Cooler autumn weather typically coincides with cooling homebuyer activity and mortgage originations.
October’s mortgage activity reflected that seasonal trend, according to the latest Market Advantage report from Optimal Blue, with total mortgage rate lock volume falling 4% month over month. Purchase rate locks declined 1.5% from September and rate-and-term refinances dipped 14%.
But cash-out refinances rose 6% for the month, which “speaks to the market’s resilience,” according to Mike Vough, head of corporate strategy at Optimal Blue.
“Purchase activity held steady and refinance demand — particularly cash-outs — remained strong,” Vough observed in a press release. “Even after September’s record pace, October delivered another standout month for originations.”
September’s refinance wave was the largest since 2022, with the cash-out refinance share gaining 13% during the month. Refinances accounted for 37% of mortgage production volume in October, per the Optimal Blue report, which is down 176 basis points from September but up 11.4 points year over year.
In terms of product mix, loans backed by the Federal Housing Administration and those meeting Fannie Mae’s and Freddie Mac’s conforming limits gained market share, while loans backed by the U.S. Department of Veterans Affairs (VA) lost ground.
Optimal Blue attributed this trend to VA refinance activity reacting faster to interest rate reductions last month, “leading to a front-loading of VA locks in September.”
Non-qualified mortgage (non-QM) volume accounted for just shy of 8% of total originations, an improvement from September but still behind August’s record 8.34% mark.

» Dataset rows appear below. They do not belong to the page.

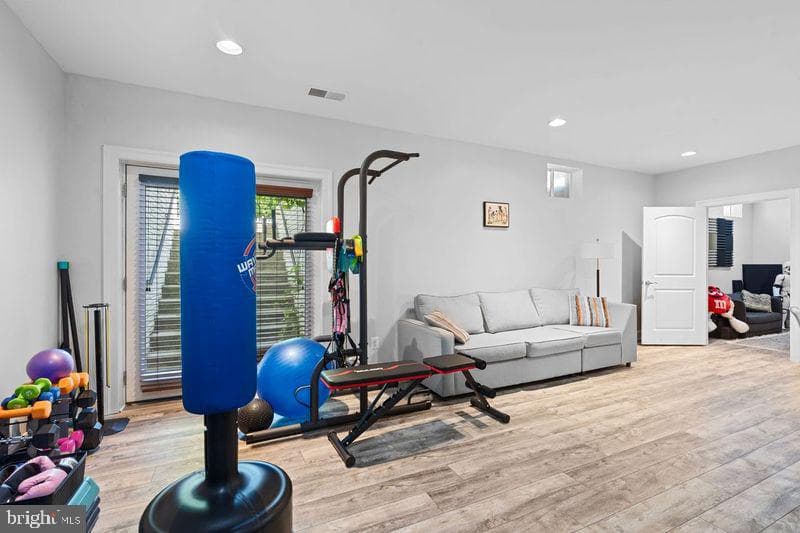 42735 Macauley Place photo 36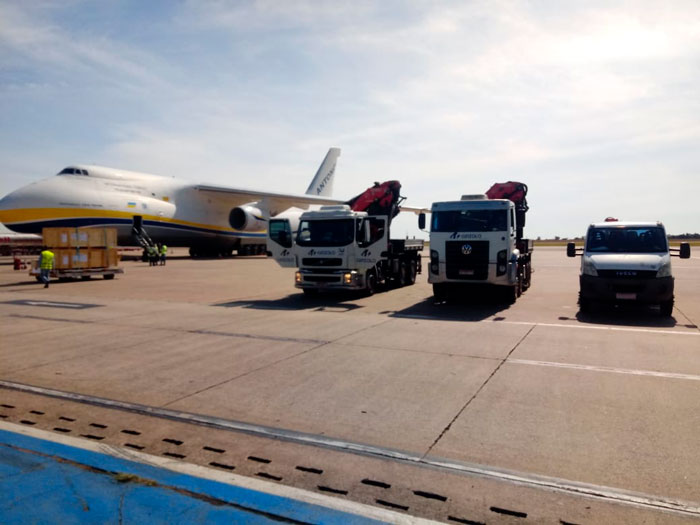 Içamento de fuselagem aeronáutica com guindaste Cunzolo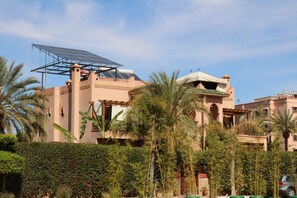 المنشأة من الخارج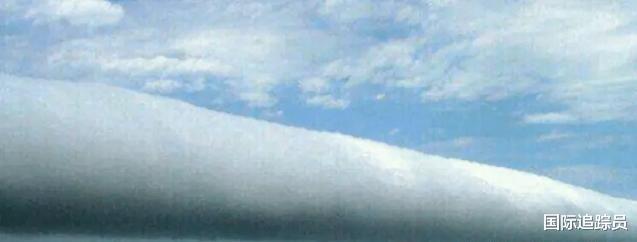 『蟒蛇』巨型“蟒蛇”现身美国天空？是天灾要降临美国了吗？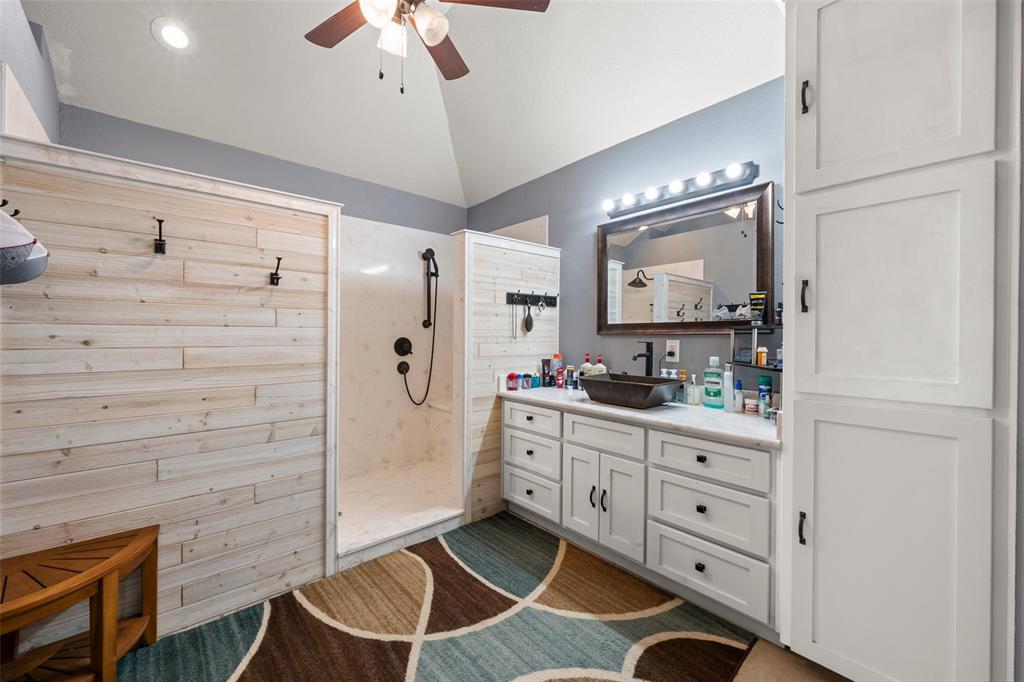 1840 Val Verde Road McGregor, TX 76657 - Photo 17 of 36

Drilling into the non-QM mix, bank statement loans accounted for 34.8% of non-QM rate locks in October, up from 33.1% in September. Debt-service coverage ratio (DSCR) loans also rose in October to a 29.2% share from 28.2% the prior month.
In the non-QM secondary market, the report noted that lenders “continued to strengthen execution strategies” during October.

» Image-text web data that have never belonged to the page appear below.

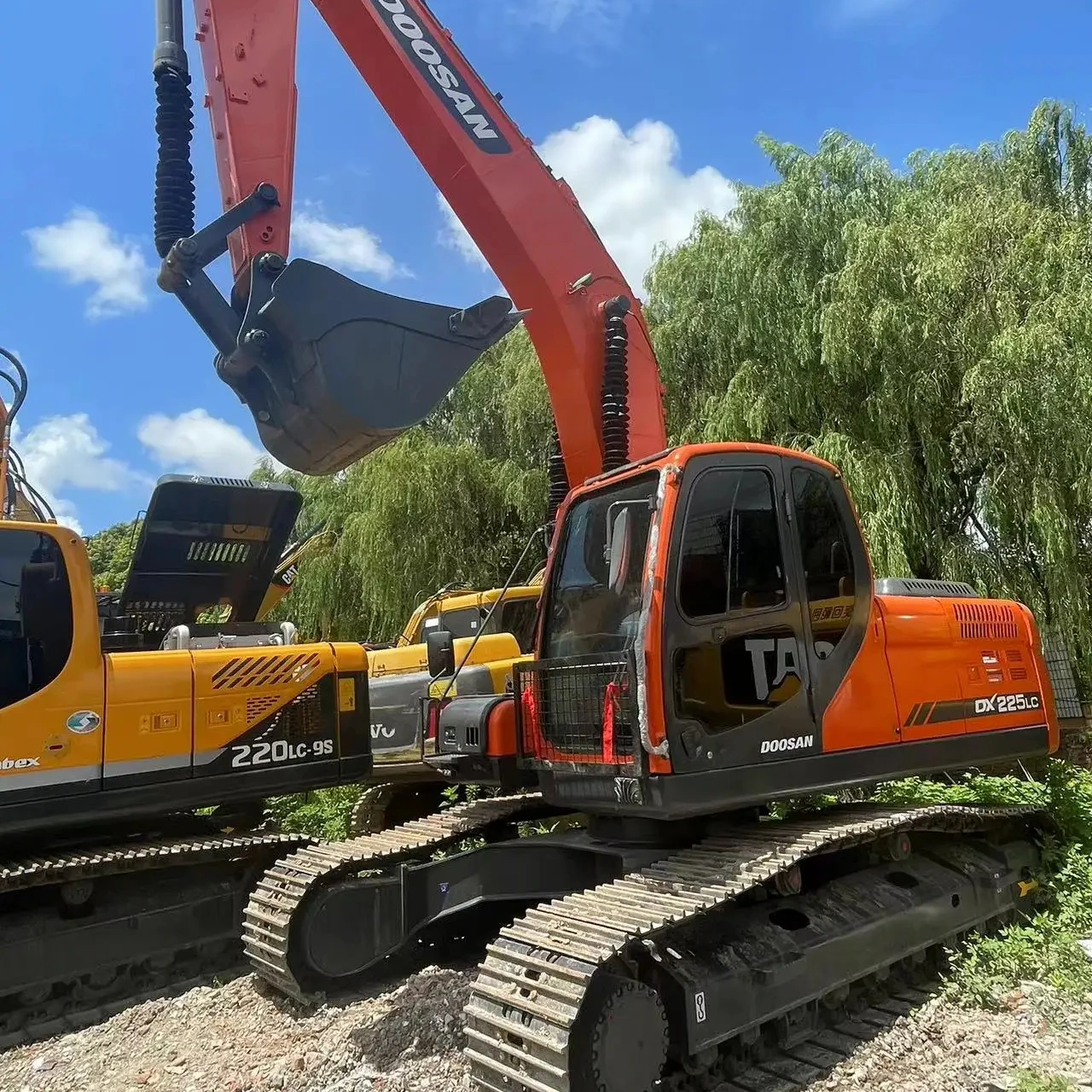 Doosan DX225LC Excavator  Used Doosan Digging Machinery DX60  DX80 Doosan Construction Machine Excavators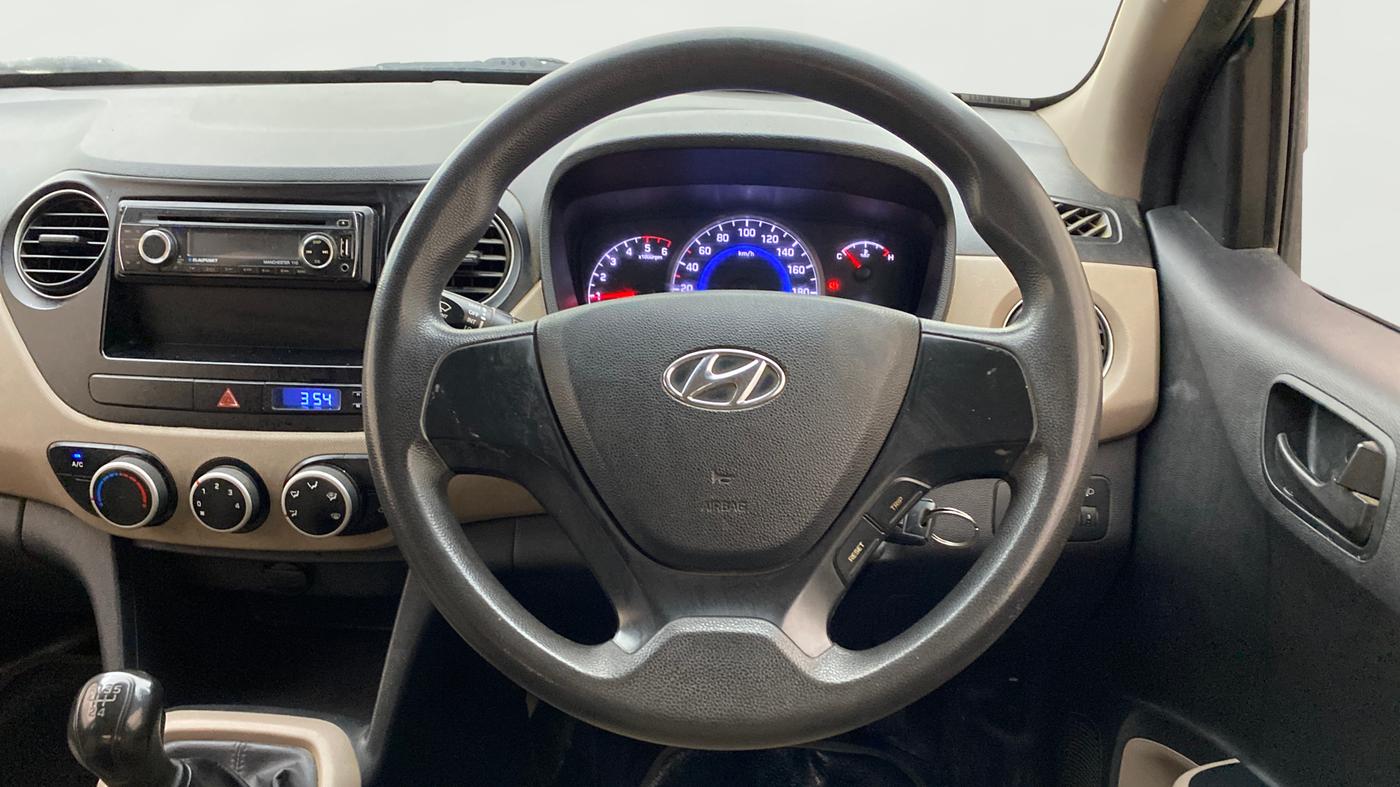 2016 Hyundai Grand i10 MAGNA 1.1 CRDI, Diesel, Manual, 72,125 km, Steering Wheel Close Up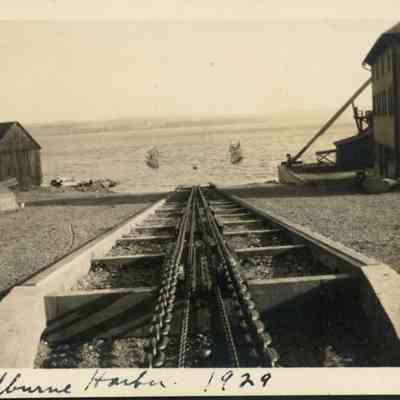 Chain used for hauling the carriage which is in the Harbor submerged.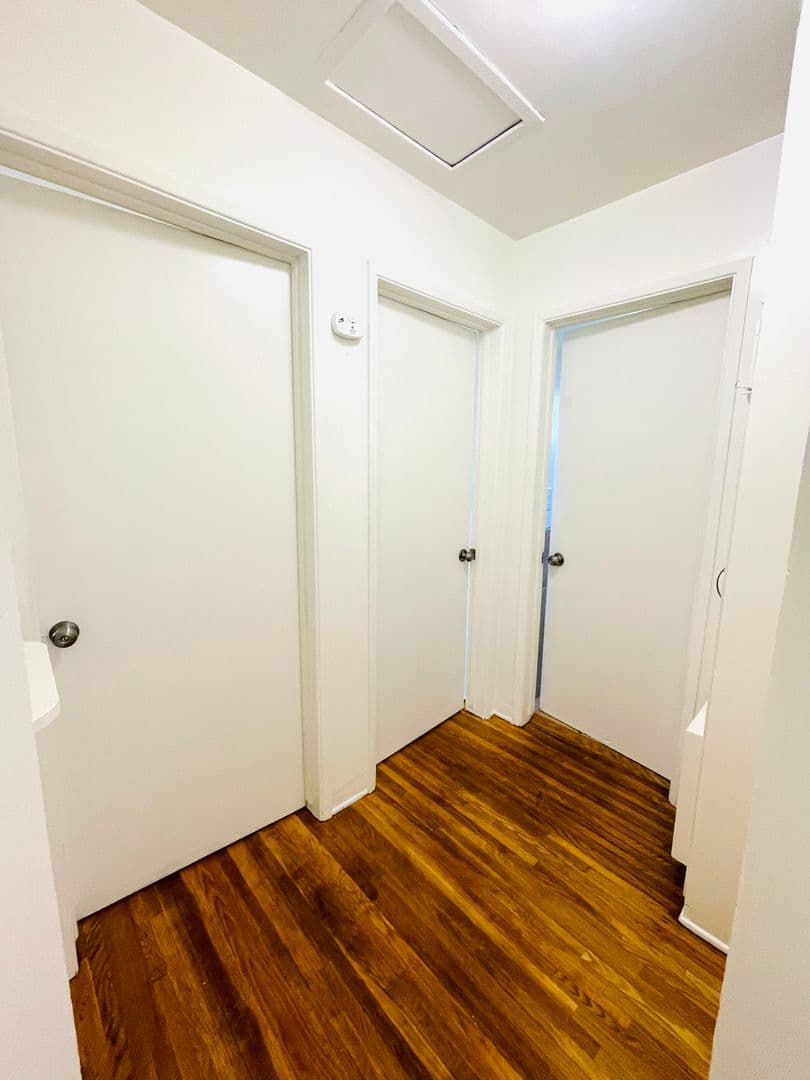 Santa Paula Apartment: 700 N. Ojai Road, A-H
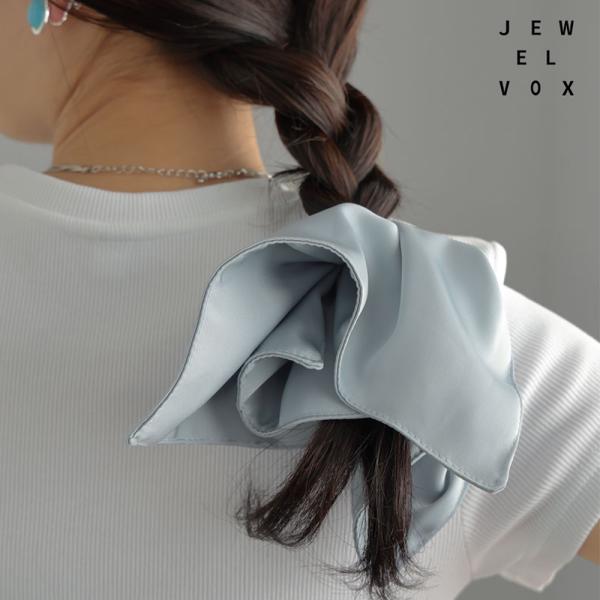 BELLA Big シュシュ キャメル 新品未開封 ヘアゴム　ヘアアクセサリー BELLA Big シュシュ キャメル 新品未開封 ヘアゴム ヘア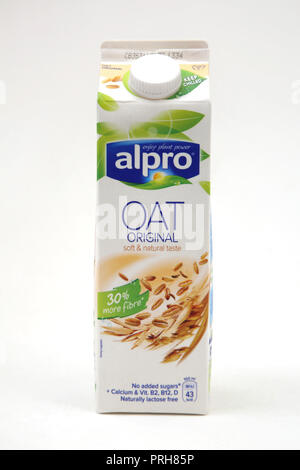 Alpro Oat Original Alternative zu Milch Stockfoto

Agency mortgage-backed security (MBS) executions rose to 46% of hedged loan sales in October from 42% in September, while sales to aggregators and the Fannie and Freddie cash window fell by 100 basis points and 200 basis points, respectively.
“October’s secondary market data reflected clear strength in execution,” Vough noted. “Lenders leaned further into MBS sales and maintained access to top-tier pricing, signaling disciplined hedging and growing investor confidence.”